Shear kindness and generosity
● By Lev
By Richard L. Gaw
If you think stories like “It's a Wonderful Life” only play out in the movies, there is a something that happened last week in Toughkenamon that will give the heartwarming tale of George Bailey a run for its money.
In terms of just how much he is loved and admired, 60-year-old Jerry Malolie may truly be the richest man in town. His life is an embarrassment of riches made that way by a passion for nearly everything that defines him. For the past several years, he has been a catcher for the Shear Satisfaction Cutters over-55 baseball team. He enjoys working on the 100-year-old house in New London he purchased five years ago. A single father, he is absolutely crazy about Rachel, his 11-year-old daughter. When he has the time, he enjoys going for long rides on his motorcycle, and for the past 35 years, he has been a hairdresser in southern Chester County.
For the last 15 of those, he has been one of the many happy faces at Shear Satisfaction in Toughkenamon, first as an owner and now as a stylist. Two years ago, he sold the business to Kelsey Carhart, who had been working with Jerry since she was 15, when she answered the business phone while still a student at Avon Grove High School.
“Jerry has always been someone I've looked up to,” said Carhart, who began styling at Shear Satisfaction after graduating from beauty school when she was 19 “When you go to beauty school, you learn the basics, but you really learn the business in the salon. Jerry threw me into the profession and taught me every thing he knew.”
There are few sights more disheartening to see than when an otherwise healthy person is unexpectedly felled by ill health, and when Malolie was diagnosed with liver cancer earlier this year, it shook up the heart and soul of the business. Soon after the diagnosis, he tired to carry on as much as he could, but the eventually, the pain got so severe that he was hospitalized for 11 days – two at Jennersviille Regional Hospital and the next nine at Hahnemann Hospital in Philadelphia.
“As far as being an active person and then all of a sudden not be able to be active, was gut wrenching. I wold try to do something and do it for 20 minutes and then have to go lay down,” Malolie said. “That's the most hardest parts of this whole episode – the lack of stamina to keep up with a daily life.”
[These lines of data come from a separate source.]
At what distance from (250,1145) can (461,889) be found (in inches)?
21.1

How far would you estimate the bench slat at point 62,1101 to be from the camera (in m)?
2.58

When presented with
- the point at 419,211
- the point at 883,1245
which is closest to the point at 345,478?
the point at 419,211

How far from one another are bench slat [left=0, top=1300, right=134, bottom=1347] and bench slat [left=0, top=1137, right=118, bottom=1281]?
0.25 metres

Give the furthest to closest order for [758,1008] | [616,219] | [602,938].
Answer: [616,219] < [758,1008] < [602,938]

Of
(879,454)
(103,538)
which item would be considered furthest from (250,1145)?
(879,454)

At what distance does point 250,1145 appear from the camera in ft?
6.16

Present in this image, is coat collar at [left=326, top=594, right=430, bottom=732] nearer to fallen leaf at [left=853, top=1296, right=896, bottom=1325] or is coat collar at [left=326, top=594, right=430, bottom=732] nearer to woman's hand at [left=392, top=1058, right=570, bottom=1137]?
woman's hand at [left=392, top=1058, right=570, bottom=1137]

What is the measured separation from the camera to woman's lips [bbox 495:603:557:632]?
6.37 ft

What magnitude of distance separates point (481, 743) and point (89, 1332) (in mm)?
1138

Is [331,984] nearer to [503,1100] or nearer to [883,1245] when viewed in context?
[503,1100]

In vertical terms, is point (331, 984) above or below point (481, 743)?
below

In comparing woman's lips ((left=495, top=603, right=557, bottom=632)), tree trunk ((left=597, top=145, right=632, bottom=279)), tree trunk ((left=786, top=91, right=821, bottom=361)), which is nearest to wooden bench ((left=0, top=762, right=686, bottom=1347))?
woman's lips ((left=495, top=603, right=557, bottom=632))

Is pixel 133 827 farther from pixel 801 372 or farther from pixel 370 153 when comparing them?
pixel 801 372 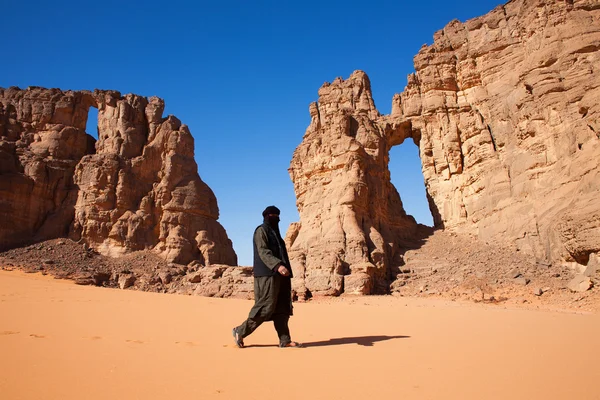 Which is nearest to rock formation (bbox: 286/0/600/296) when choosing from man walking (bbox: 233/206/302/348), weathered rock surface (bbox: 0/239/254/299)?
weathered rock surface (bbox: 0/239/254/299)

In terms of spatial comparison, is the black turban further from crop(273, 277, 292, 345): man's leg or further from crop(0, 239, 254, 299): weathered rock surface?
crop(0, 239, 254, 299): weathered rock surface

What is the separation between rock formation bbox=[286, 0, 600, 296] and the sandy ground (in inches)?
498

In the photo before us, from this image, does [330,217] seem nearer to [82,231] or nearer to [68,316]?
[68,316]

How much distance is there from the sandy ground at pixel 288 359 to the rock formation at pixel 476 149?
12657 millimetres

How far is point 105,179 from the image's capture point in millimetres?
33781

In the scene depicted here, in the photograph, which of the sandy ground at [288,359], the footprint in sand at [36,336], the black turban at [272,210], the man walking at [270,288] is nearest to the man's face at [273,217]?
the black turban at [272,210]

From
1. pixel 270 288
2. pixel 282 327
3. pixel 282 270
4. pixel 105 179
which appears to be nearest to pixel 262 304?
pixel 270 288

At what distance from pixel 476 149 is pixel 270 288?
24108mm

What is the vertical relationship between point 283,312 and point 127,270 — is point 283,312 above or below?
below

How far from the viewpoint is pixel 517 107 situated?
23.5 metres

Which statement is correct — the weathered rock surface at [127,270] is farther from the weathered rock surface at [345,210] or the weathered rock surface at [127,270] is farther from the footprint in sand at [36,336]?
the footprint in sand at [36,336]

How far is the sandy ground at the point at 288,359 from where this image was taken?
10.5 feet

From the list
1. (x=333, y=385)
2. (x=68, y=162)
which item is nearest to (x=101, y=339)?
(x=333, y=385)

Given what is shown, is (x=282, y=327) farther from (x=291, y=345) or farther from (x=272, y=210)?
(x=272, y=210) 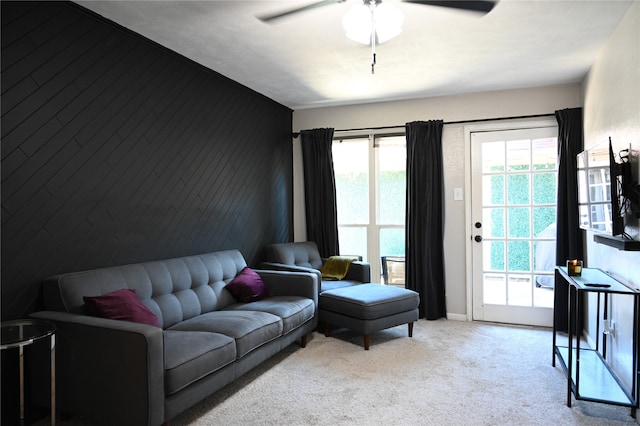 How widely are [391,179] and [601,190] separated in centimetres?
245

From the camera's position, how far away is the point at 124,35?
2979 millimetres

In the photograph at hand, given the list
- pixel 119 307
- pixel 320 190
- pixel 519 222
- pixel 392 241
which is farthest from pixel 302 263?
pixel 119 307

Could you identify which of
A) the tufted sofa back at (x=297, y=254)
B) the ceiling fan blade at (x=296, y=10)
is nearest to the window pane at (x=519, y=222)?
the tufted sofa back at (x=297, y=254)

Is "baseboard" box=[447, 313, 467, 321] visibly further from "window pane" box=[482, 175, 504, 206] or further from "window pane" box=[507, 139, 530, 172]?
"window pane" box=[507, 139, 530, 172]

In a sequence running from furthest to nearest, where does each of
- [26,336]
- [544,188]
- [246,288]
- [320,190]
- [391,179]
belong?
1. [320,190]
2. [391,179]
3. [544,188]
4. [246,288]
5. [26,336]

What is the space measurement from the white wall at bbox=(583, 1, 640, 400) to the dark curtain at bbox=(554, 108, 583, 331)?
0.53 m

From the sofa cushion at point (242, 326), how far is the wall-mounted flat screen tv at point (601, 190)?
229cm

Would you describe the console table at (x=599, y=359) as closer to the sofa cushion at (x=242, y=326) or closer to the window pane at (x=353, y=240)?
the sofa cushion at (x=242, y=326)

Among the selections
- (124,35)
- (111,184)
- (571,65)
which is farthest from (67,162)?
(571,65)

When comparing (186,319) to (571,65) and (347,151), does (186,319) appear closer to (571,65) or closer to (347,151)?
(347,151)

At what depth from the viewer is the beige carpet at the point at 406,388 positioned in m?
2.49

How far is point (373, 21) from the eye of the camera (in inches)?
95.0

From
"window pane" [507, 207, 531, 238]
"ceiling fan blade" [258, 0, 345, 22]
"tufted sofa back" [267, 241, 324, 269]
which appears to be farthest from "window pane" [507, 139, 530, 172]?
"ceiling fan blade" [258, 0, 345, 22]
Malolie's last day at Shear Satisfaction was July 8. Soon after, he began a journey back to health that has taken him to a seemingly endless series of chemotherapy treatments, and meetings with physicians and nurses. Admittedly, he has good days, quickly followed by bad ones. As treatments and hospital visits escalated, so too did his medical costs, and after he'd found out that his health insurance had lapsed, Malolie found himself struggling to make medical payments while also trying to pay for cost of raising Rachel.
It was all that Carhart and her staff needed to hear. Over a three-week period, they brainstormed about an idea for a fundraiser that hopefully take a small bite out of Malolie's medical expenses. After finalizing an idea for a pancake breakfast, Carhart and her staff began reaching out to everyone they knew, through e-mail blats, Facebook posts, phone calls and word-of-mouth to every client who walked through the door. Within weeks, Malolie's former clients, his current clients, industry colleagues, members of his baseball team, as well as friends and family and the entire Shear Satisfaction staff all reached out with helping hands. Some asked to volunteer at the breakfast. Others sent checks.
On Oct. 26, at a meeting hall next door to Shear Satisfaction, nearly 150 people attended the benefit for Malolie, over the course of three hours. In addition to pancakes, there was a bake sale. There was a 50-50 drawing. At the end of the event, Carhart and her staff presented their admired colleague – their friend and mentor – with a check in the amount of $12,000.
“I saw friends I hadn't seen since I was ten years old, and clients I hadn't seen in 30 years,” Malolie said. “I would have to write a novel to even scratch the surface in order to write the emotions and feelings that I was feeling. It was all quite overwhelming.”
It is not easy for an otherwise active person like Malolie to endure the truth that, according to his doctors, he will not be able to resume his normal regimen – as well as regain his full strength – for another four to six months, but it's a time he looks forward to.
“Hairdressing is an industry where you can spend as much as 12 hours a day on your feet, so when I come back, I want it to be part-time at first,” he said. “Even with the cancer, I still consider myself as a young person. I have the stamina to play doubleheaders, work 40 hours a week, and remodeling our home and taking care of my daughter. I look forward to doing all of that again.”
When asked to describe Malolie, Carhart uses the term, “laid back.” It's a style that Malolie has infused into the day-to-day life at Shear Satisfaction, and a temperament that she aspires to cultivate as the current owner of the business.
“A lot of people in this industry and are very showy about what they can do, but Jerry has always kept it to down to earth,” Carhart said. “He's kept it very real. I've always loved that feeling that Jerry made here. He's shown me what I need to be, and what not to be.
“We all can't wait for Jerry to get back.”